Die Psychologie des Werks ist die eines Mannes, der in sich selbst "eingeschlossen" ist. Der Denker betrachtet nichts Äußeres; seine Augen sind gesenkt, dem Abgrund seines eigenen Bewusstseins zugewandt. Es ist das Bild metaphysischer Isolation. Diese Introspektion wird durch die Drehung des Oberkörpers und die asymmetrische Platzierung des rechten Arms auf dem linken Bein betont – eine unbequeme Position, die von einem bewussten psychologischen Ungleichgewicht zeugt. Rodin gelingt es, das Unsichtbare zu materialisieren: den Prozess des Denkens. Das Werk wird so zum Spiegel des Menschen vor dem Rätsel seiner Existenz, eine stille, aber durch ihre physische Präsenz donnernde Meditation.
Eines der faszinierendsten Geheimnisse betrifft die Hand des Denkers. Anatomische Studien haben gezeigt, dass die Position der rechten Hand unter dem Kinn keine Ruhepose ist, sondern ein aktiver Druck. Der Handrücken stützt das Gewicht des Kopfes und erzeugt eine Spannung im Nacken und Rücken, die sich bis zu den Zehen fortsetzt, die sich in den Felsen krallen. Dieses Detail offenbart, dass Rodin das Denken als eine Gesamtanstrengung begriff, die das Nervensystem bis in seine Extremitäten einbezieht.

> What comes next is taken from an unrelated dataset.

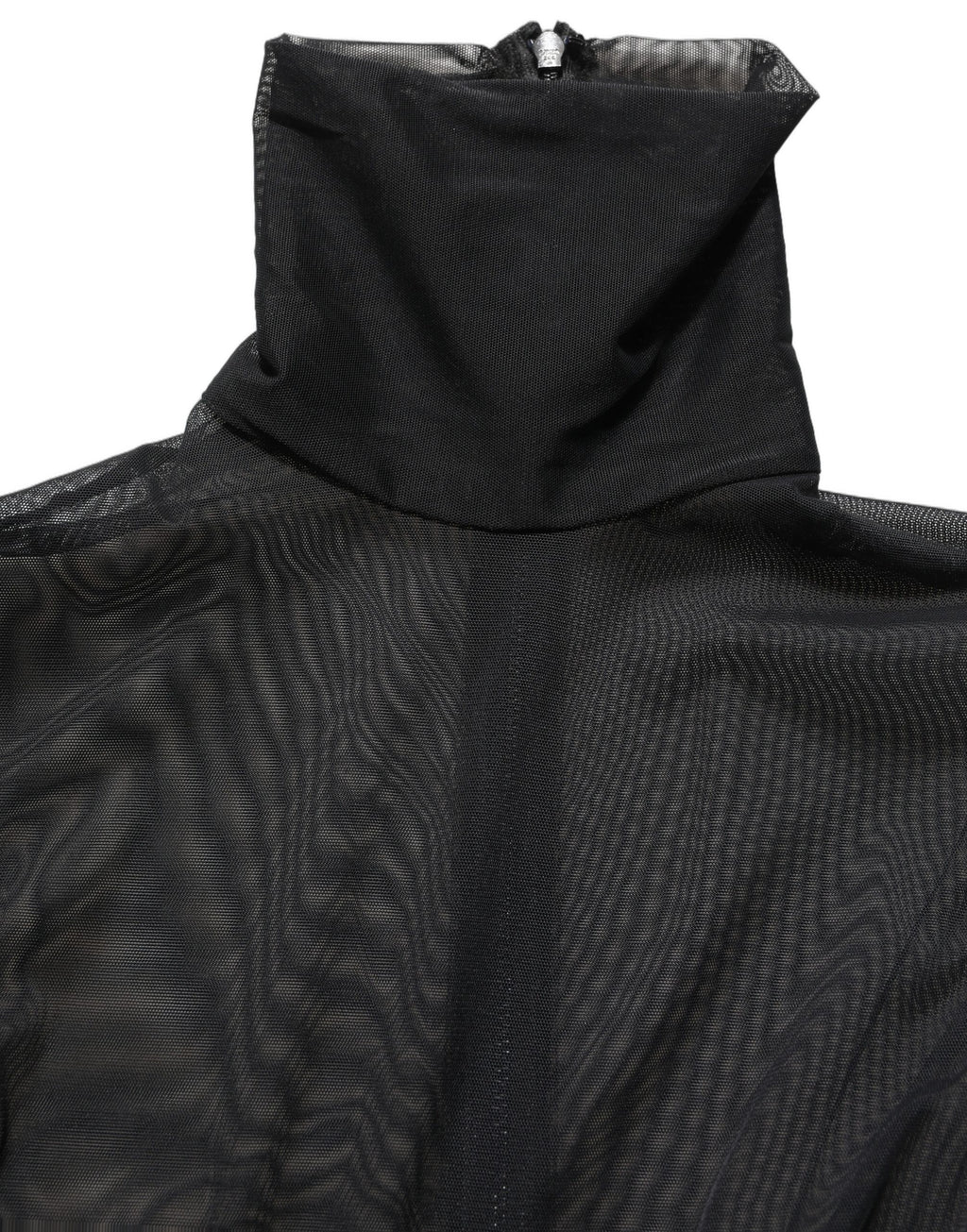 Combinaison noire en mesh transparent Dolce & Gabbana avec col roulé, élégante et ajustée, vue de face.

Ein weiteres Geheimnis liegt in der Identität der Modelle. Während Rodin sich von Michelangelos Ästhetik inspirieren ließ, war das physische Modell Jean Baud, ein professioneller Ringer, der oft für den Künstler posierte. Dies erklärt die athletische, fast hypertrophierte Muskulatur, die im Kontrast zur rein intellektuellen Tätigkeit des Subjekts steht. Darüber hinaus zeigen jüngste Analysen verschiedener Bronzegüsse, dass Rodin mit Patinen spielte, um die Stimmung des Werks zu verändern – von einem Grabesschwarz bis hin zu warmen Brauntönen, die an die Erde erinnern und ihn mehr oder weniger mit der Unterwelt der Hölle verbinden.

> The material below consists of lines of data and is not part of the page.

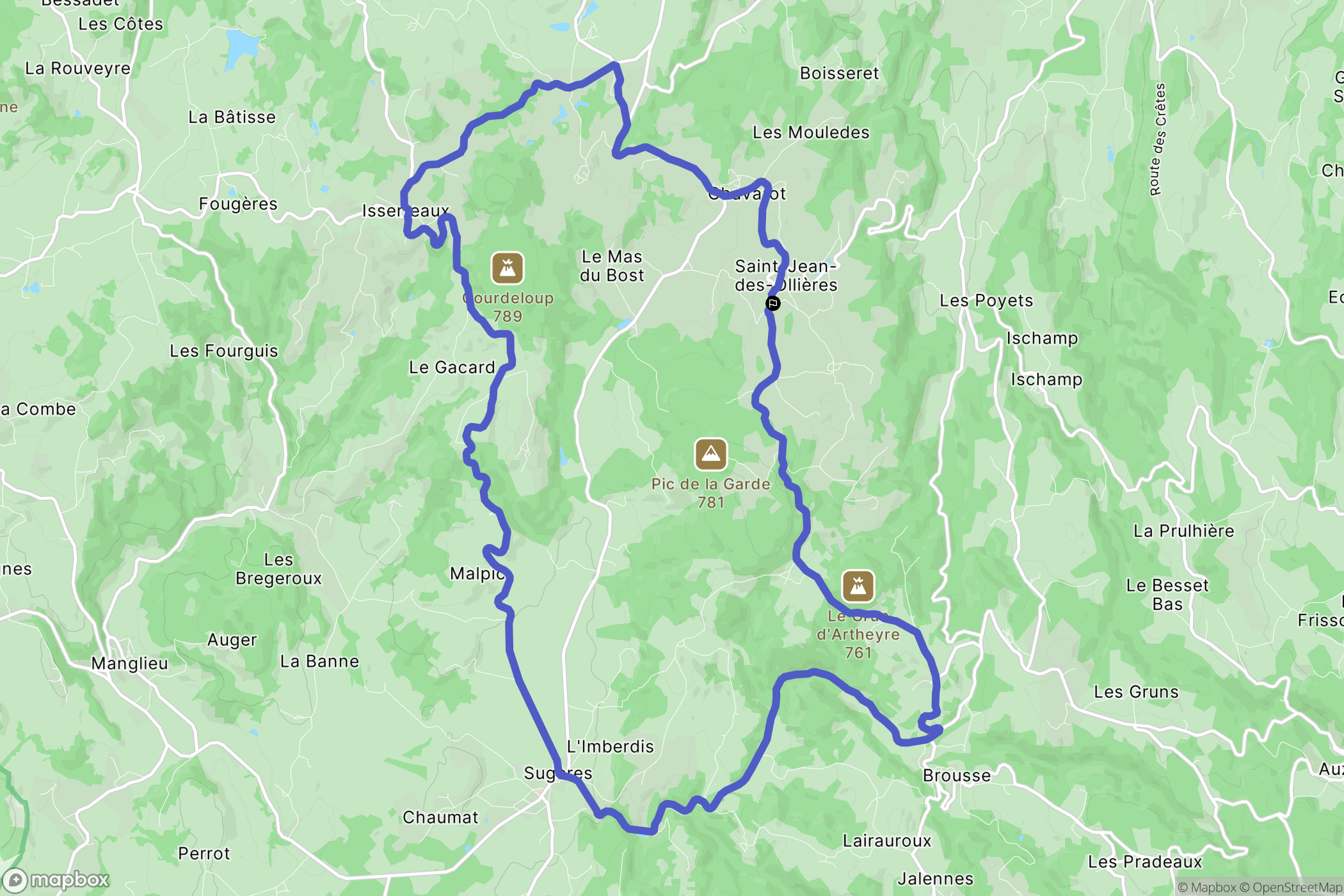 Saint-Jean-des-Ollières : carte du parcours de randonnée - France
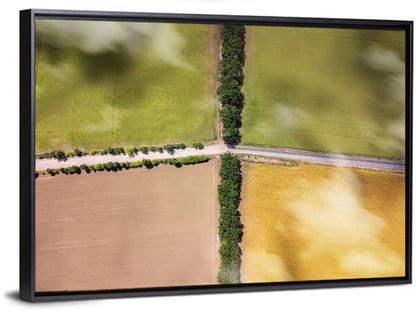 Aerial Farmland Quadrants Wall Art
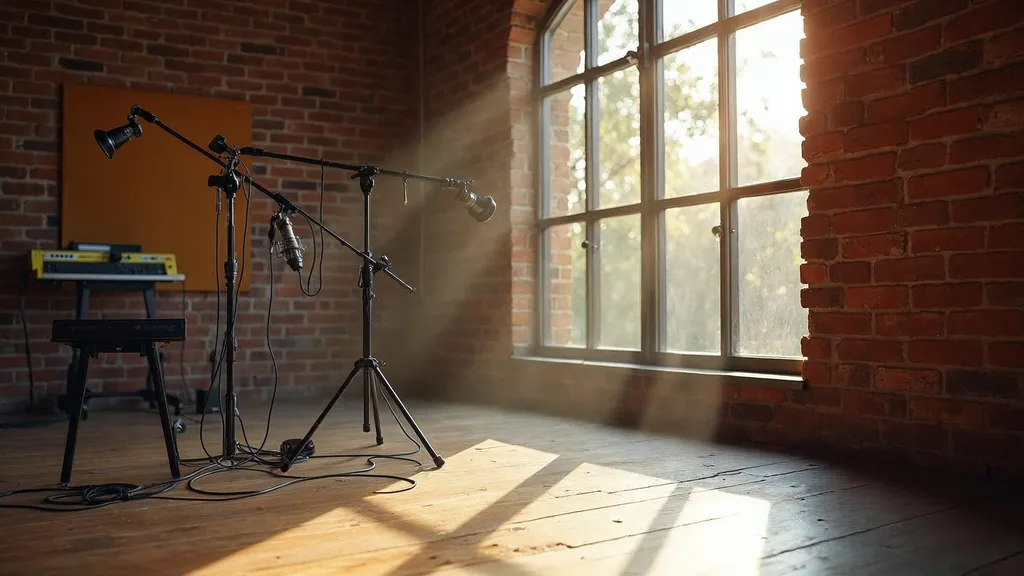 Editorial photograph of an empty podcast studio in an Adelaide brick building with two microphones on boom arms, a camera on a tripod and acoustic panels lit by warm late afternoon light through a tall window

Schließlich wissen nur wenige, dass Der Denker in Rodins frühen Skizzen fast eine weibliche Figur gewesen wäre, bevor er sich für diese gequälte Männlichkeit entschied. Zudem wurde das Werk 1970 im Cleveland Museum of Art durch eine Bombe politischer Aktivisten schwer beschädigt, was die Basis und die Beine stark in Mitleidenschaft zog. Rodin hatte vorgesehen, dass sein Werk im Freien ausgestellt werden kann, und behauptete, dass der Himmel und die natürlichen Elemente der einzige Rahmen seien, der dem menschlichen Denken würdig ist. Diese Widerstandsfähigkeit der Bronze gegenüber den Unbilden der Zeit und der Menschen stärkt seinen Status als unvergängliche Ikone.